Near the end of this book, when faced yet again with infanticide, Masson says 'But it seems that the more we learn, the more our ideals, or in any event our fantasies, about the harmonious life of animals are toppled'. Yet he still holds fast to his ideals and fantasies.

With very few examples of fathering in mammals Masson has to rely largely on fish, frogs and birds. He wants us to believe that these animals experience life much as we do. I wondered what he would make of, for example, the little angler fish male that melts permanently into the body of the large female leaving little more than gonads to fertilize her eggs. What thoughts and feelings could this fish have?

When he says things such as parents feeding a cuckoo in their nest might be thinking 'This big chick may not be mine, but I like him, and I am going to feed him anyway', it will make evolutionary scientists laugh, cringe or despair.

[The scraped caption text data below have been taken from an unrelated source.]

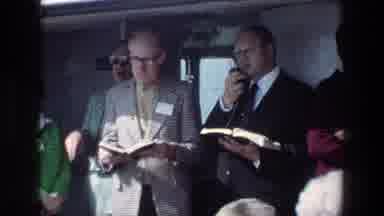 Sea of Galilee Israel (1976): Tour Guide Watching Ship In The Ocean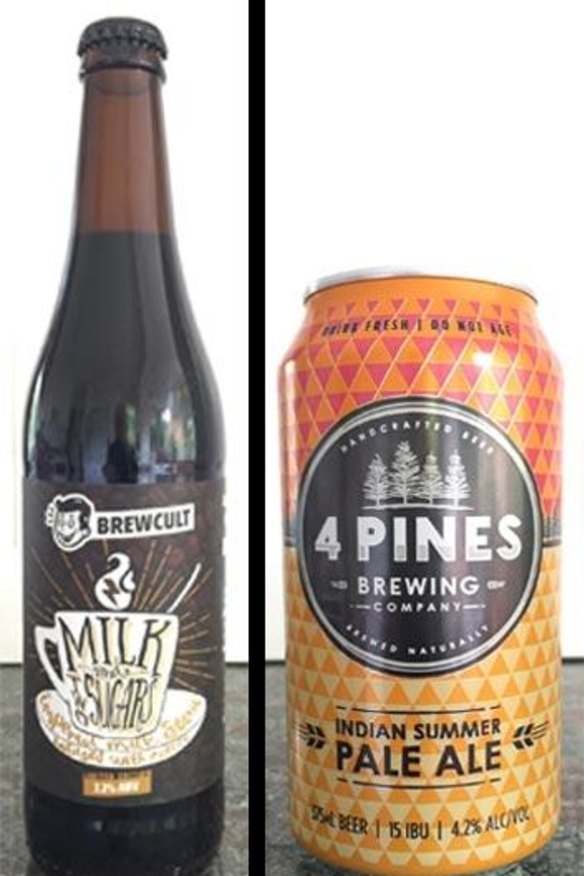 Brewcult Imperial Milk Stout 500ml and 4 Pines Brewing Co Indian Summer Ale.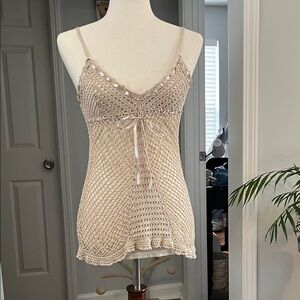 Rue21 Vintage Beige Crochet Tie-Front Cami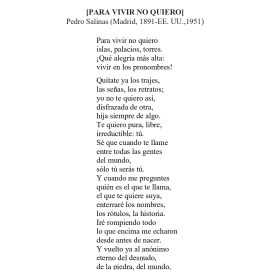 N.º 2C «[Para vivir no quiero]» de Pedro Salinas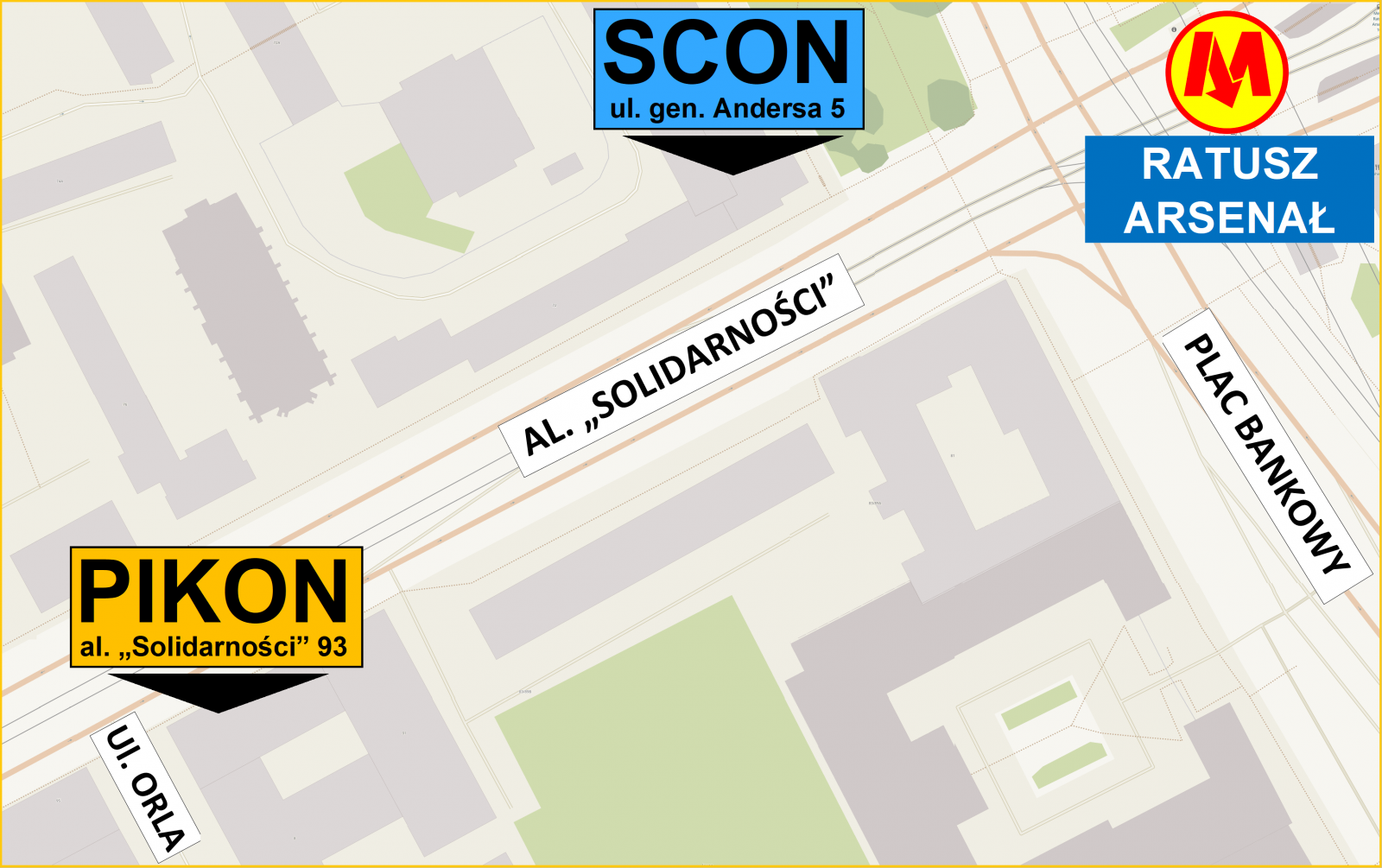 Mapa poglądowa - lokalizacja PIKON względem SCON oraz stacją metra Ratusz-Arsenał z układem ulic. [993.15 KB]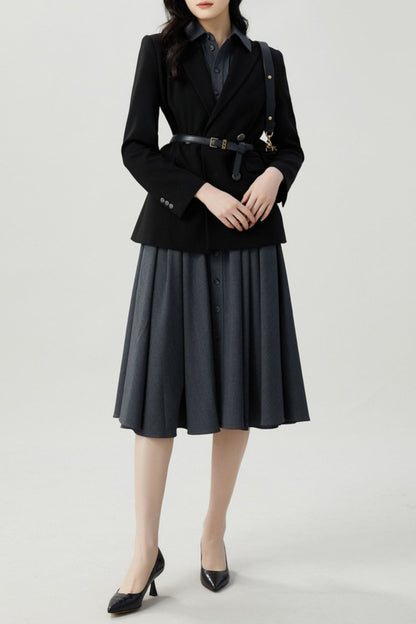 Charcoal Polyester Midi Shirt Dress - Button Front with Belted Waist HY0029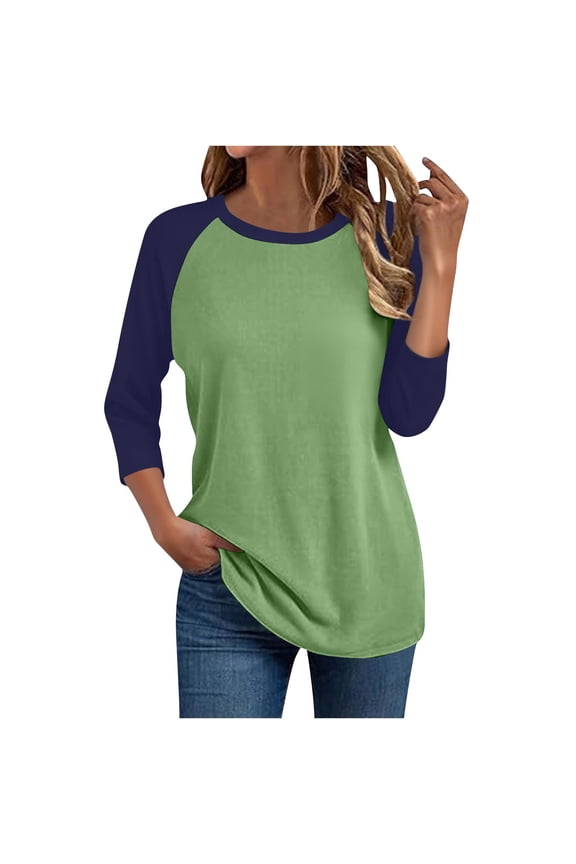 Womens Plus Size Tops, 3/4 Sleeve Shirts for Women Fashion Loose Fit Color Patchwork Basic Raglan Sleeve Crewneck Tees Fall Clothes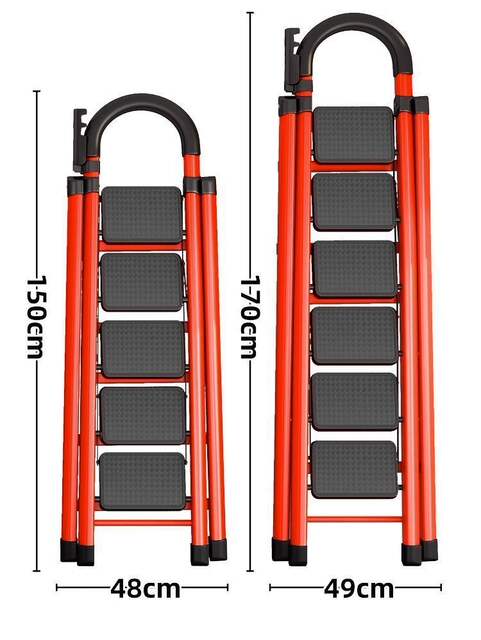 Ladder Household Folding Ladder Thickened Carbon Steel Herringbone Ladder Mobile Staircase Telescopic Ladder Step Ladder Multi-Functional Indoor Ladder detail 7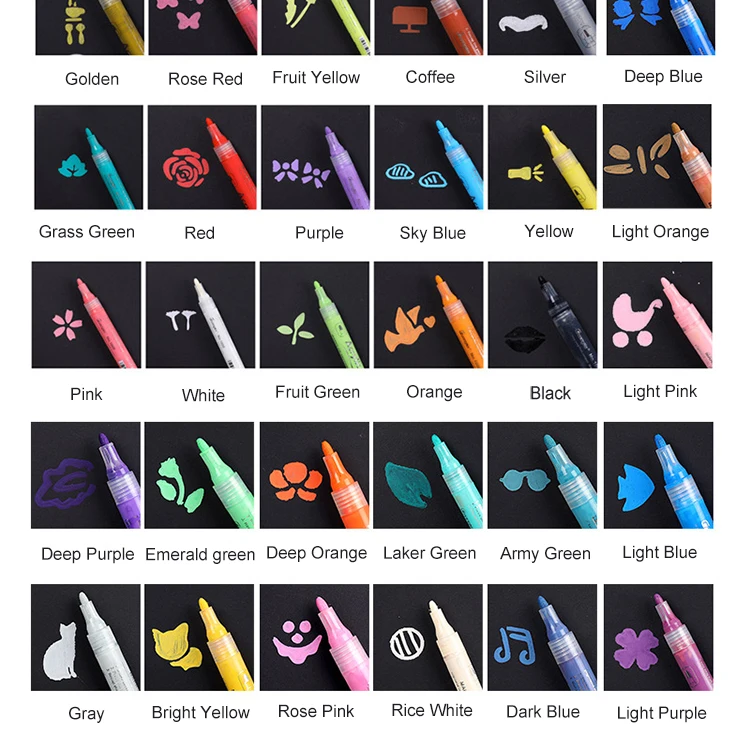 Cheap 12/24/36 Pack Paint Permanent Marker Pens Water Based Acrylic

Masson wants to encourage human fathers to be good fathers but he is looking at evolution without understanding natural selection so cannot be taken too seriously. He often talks of individuality and variation without seeming to realize that variation is precisely what natural selection acts upon - though perhaps it is a valid point that not enough attention is paid to the present-day individuality of animals on which selection will still be acting.

Masson does recognize the correlation between monogamy and the lack of sexual dimorphism and fathering. He is clearly greatly impressed by fathering when it does exist but seems to think it involves heroism or joyful experience - ie choice - rather than a selected adaptation.

I am far from convinced by his argument that human males are not concerned about paternity certainty. Also by his statement that there is no chapter on the missing ape father because it would not be interesting. On the contrary, it would be very interesting to read his views on why our closest relatives have 'chosen' not to experience the joys of fatherhood.

Masson ends with the view that Darwin himself held - the continuity with humans in the emotional and mental life of animals. Clearly humans have evolved and there can only be continuity. But Masson's Disneyesque view of life is over the top and can probably do little to change human fathering in the real world.